While Japanese food has benefited from a consistently developing boom around the world, there are still some voices from staunch traditionalists in the culinary world that keep sushi restaurants a male-dominated industry. You may remember Kazuyoshi Ono, son of Jiro Ono, the renowned chef of three-Michelin star restaurant Sukiyabashi Jiro featured in the 2011 documentary “Jiro Dreams of Sushi,” once remarked that the menstrual cycles of women negatively affect their sense of taste. Along with similar beliefs that a woman's makeup blocks her sense of smell and that women's hands are too warm for preparing sushi, there are still many that believe sushi is a man's job.

Nadeshico Sushi in Tokyo's Akihabara district, has been working to dispel such claims as Japan's first all-female staffed sushi restaurant. Recently, Great Big Story made a feature on Nadeshico Sushi in conjuncture with ANA, interviewing sushi chef Yuki Chizui about her work and the challenges faced as a female sushi chef in Japan.

Although trained by men, Chizui and her colleagues were previously only valued for their feminine aesthetic

There are some understandable reservations that the restaurant takes up residence in Akihabara, Tokyo's tech and geek mecca that is home to dozens of Maid Cafes, where customers can be catered to like gods by women dressed up in maid outfits, and thus may just be providing a different service in the same line of work. Chizui is adamant that the restaurant's work is sincere challenging the limits of tradition by providing quality sushi as women, however, and perhaps Akihabara may be just the place to change the minds of someone expecting a different type of experience.
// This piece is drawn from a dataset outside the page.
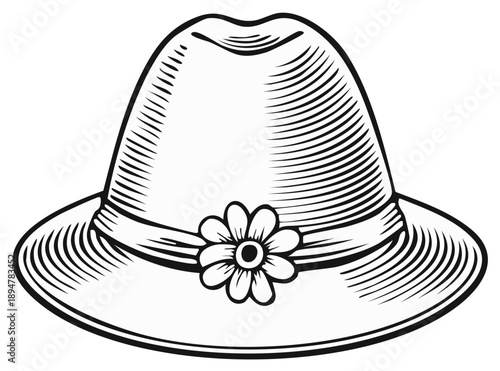 Vintage Fedora Hat with Flower Accent Detailed Line Art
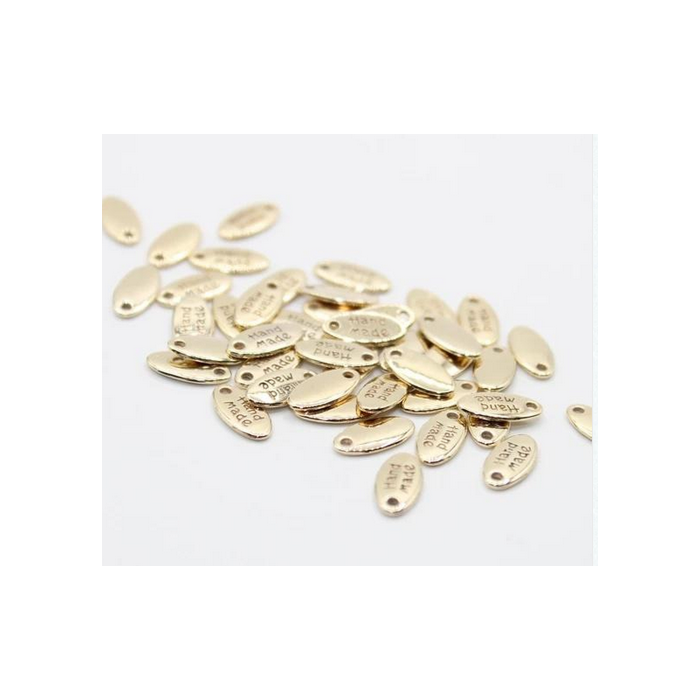 Hand Made oval gold tone charm - Pack of 3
The restaurant's name is derived from the term "Yamato Nadeshico", a term that essentially means the "personification of an idealized Japanese woman."

Making sushi is also a performance art, so the restaurant hopes to use its all female staff to its advantage

She has a simple response for those who say women can't make sushi

As well as a goal to work toward

You can watch the video below, and if you ever want to visit Nadeshico Sushi, you can find directions here.


By - grape Japan editorial staff.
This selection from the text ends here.